Beim Büchsenschießen können sich die kleinen Besucher an diesem Stand probieren.

„Schau mal Papa, da sind ja Indianer!“ Der kleine Junge kann es kaum fassen, aber es ist so. Denn der Westernclub „Crazy Longhorns“ hat auch in diesem Jahr wieder seine Tipis aufgebaut und Freunde aus der Szene dazu eingeladen, das Gleiche zu tun. Bis einschließlich Sonntag bestimmen sie das Bild auf der Festwiese, erzählen Geschichten, beantworten Fragen und gewähren Blicke ins Innere der wohnlichen Zelte, in denen auch übernachtet wird. „Wakan Tanka“, der Große Geist, „meint es gut mit uns“, sagt Lakota Häuptling Bahar und schaut lächelnd in den blauen Himmel. „Wer gut ist, dem widerfährt auch Gutes“, da ist sich der Häuptling sicher. Doch Bahar ist nur Häuptling auf Zeit. Ab Montag ist er wieder Klaus-Peter Reimann von den „Crazy Longhorns“, dann hat ihn der Alltag wieder - bis es wieder mit Zelt und Freunden in die freie Natur geht. Ohne Handy, ohne Internet. Das Stück Freiheit unter freiem Himmel, es ist für die Hobbyisten eine Art Lebensphilosophie: Die schnelllebige Zeit anhalten, den Puls der Natur fühlen, sich mit Gleichgesinnten austauschen.

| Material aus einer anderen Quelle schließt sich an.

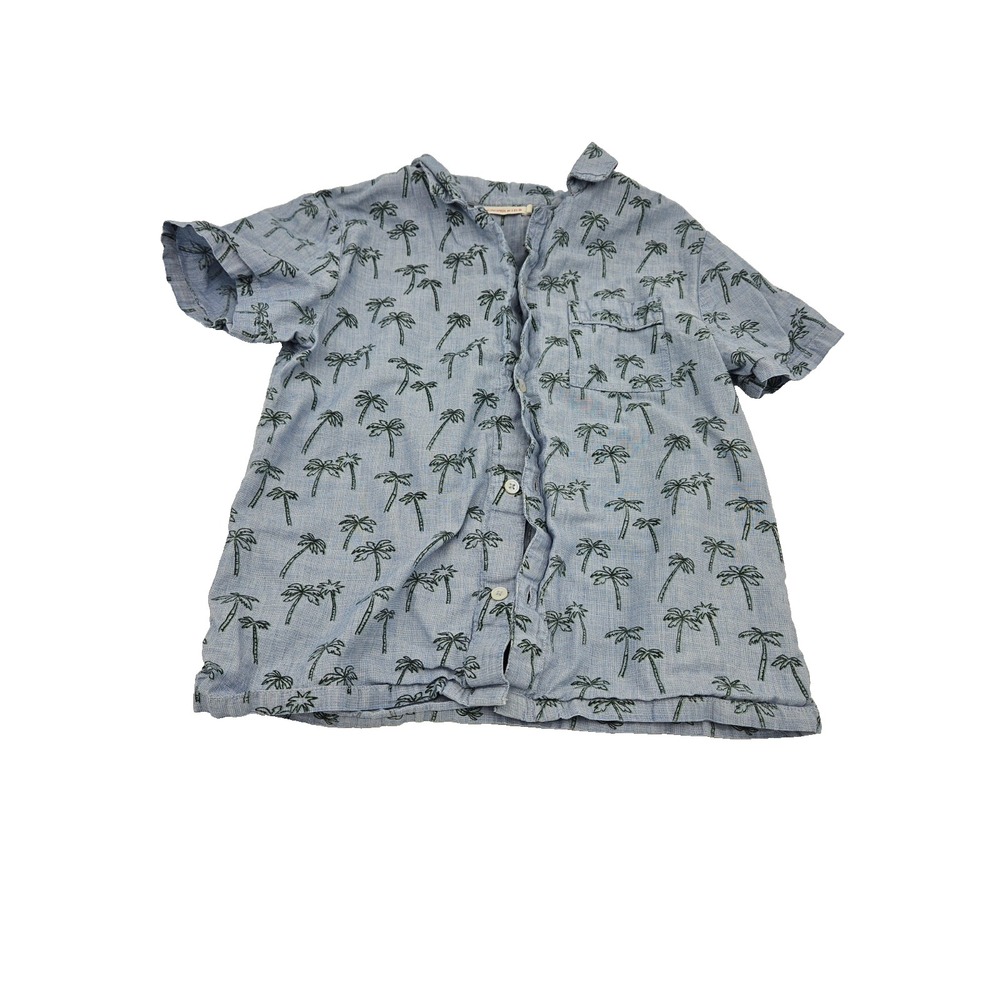Monoprix‎ Kids Palm Tree Shirt Size 8 Blue Tropical Button Up Resort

Es sind einige Indianerzelte weniger in diesem Jahr im Wildpark. Dafür stehen mehr Zelte von Siedlern, Trappern und Jägern, etwa von Stefan Gutjahr und Jochen Friedrich von den „Freien Odenwäldern“. Zum zweiten Mal sind sie in Klein-Auheim dabei und schätzen die Atmosphäre dort sehr. Auch wenn sie keine indianische Tradition pflegen. „Wir sind eben Europäer“, sagt Gutjahr, der seinem Hobby seit 2008 nachgeht und in die Rolle eines Siedlers aus dem Odenwald geschlüpft ist. Er und Jochen Friedrich, der schon seit 20 Jahren dabei ist, haben sich über den Wilden Westen letztendlich auch in die Geschichte hierzulande vertieft, Quellen gesucht, geforscht, wer denn eigentlich aus dem Heimatort und der Umgebung um 1750 aus Not nach Amerika ausgewandert ist und so ein Stück eigener Geschichte neu entdeckt. Die ist spannend, sagen beide, und geben Interessierten gerne Auskunft über all das, was sie herausgefunden haben.

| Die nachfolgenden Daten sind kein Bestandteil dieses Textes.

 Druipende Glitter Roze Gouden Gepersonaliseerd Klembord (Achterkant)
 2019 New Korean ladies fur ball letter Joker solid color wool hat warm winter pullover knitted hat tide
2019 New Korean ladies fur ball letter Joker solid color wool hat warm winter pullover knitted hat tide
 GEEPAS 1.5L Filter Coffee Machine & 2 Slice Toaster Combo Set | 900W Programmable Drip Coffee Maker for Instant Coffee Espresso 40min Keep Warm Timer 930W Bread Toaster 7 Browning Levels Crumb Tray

Bilder: Ein Hauch Wilder Westen im Wildpark

Ihr Hobby „ist ein bisschen mehr als nur Cowboy- und Indianer spielen“, sagt Stefan Gutjahr. Beide Siedler haben ihre Garderobe selbst gefertigt. Auch die Zelte sind zum Teil selbst genäht. Denn das gehöre dazu, wenn Wert auf Individualität gelegt wird. Ist es denn nicht ein bisschen wie im Zoo, wenn man sein Hobby auf der Festwiese lebt und ständig Besucher vorbeikommen? „Ja“, meinen die beiden Siedler, aber sie sehen sich „auf der richtigen Seite des Käfiggitters“, weil sie mit ihrem Hobby Dinge erleben, die dem Wildpark-Besucher, der abends wieder in die eigene Wohnung und in den Alltag zurückkehrt, verschlossen bleiben.

Von solchen Gedanken unbeeindruckt tummelten sich die jungen Besucher auf der Festwiese, dürfen unter Anleitung mit Korken auf einen Büchsenturm schießen oder unter sich beim Goldwaschen versuchen. Nur die indianischen Tänze fallen in diesem Jahr aus. Es fehlen die Sänger, sagt Riemann, auch wenn die nagelneue Trommel für die rituellen Tänze gerade vom Schamanen gesegnet wurde. „Wir haben Zeit“, sagt Häuptling Bahar. Wenn die Trommel erst nächstes Jahr wieder spricht, dann ist das eben so.